# What you need to do:
Transcribe the listing below only from the line with "Tarjeta Gesto de" up to and including the line with "Adrienne Vittadini White".

-------- Source material --------

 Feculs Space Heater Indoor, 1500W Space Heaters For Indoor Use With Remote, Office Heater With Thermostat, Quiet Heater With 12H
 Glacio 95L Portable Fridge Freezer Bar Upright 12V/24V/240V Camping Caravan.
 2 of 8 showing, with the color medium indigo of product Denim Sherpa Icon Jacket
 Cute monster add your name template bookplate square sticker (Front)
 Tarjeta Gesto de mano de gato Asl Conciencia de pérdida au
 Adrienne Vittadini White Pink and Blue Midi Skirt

--------
-------- Source material --------

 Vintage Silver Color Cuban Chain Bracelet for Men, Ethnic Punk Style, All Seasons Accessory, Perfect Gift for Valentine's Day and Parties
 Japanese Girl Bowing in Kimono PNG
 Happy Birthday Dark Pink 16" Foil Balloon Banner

--------

# Worked solution:
 Tarjeta Gesto de mano de gato Asl Conciencia de pérdida au
 Adrienne Vittadini White Pink and Blue Midi Skirt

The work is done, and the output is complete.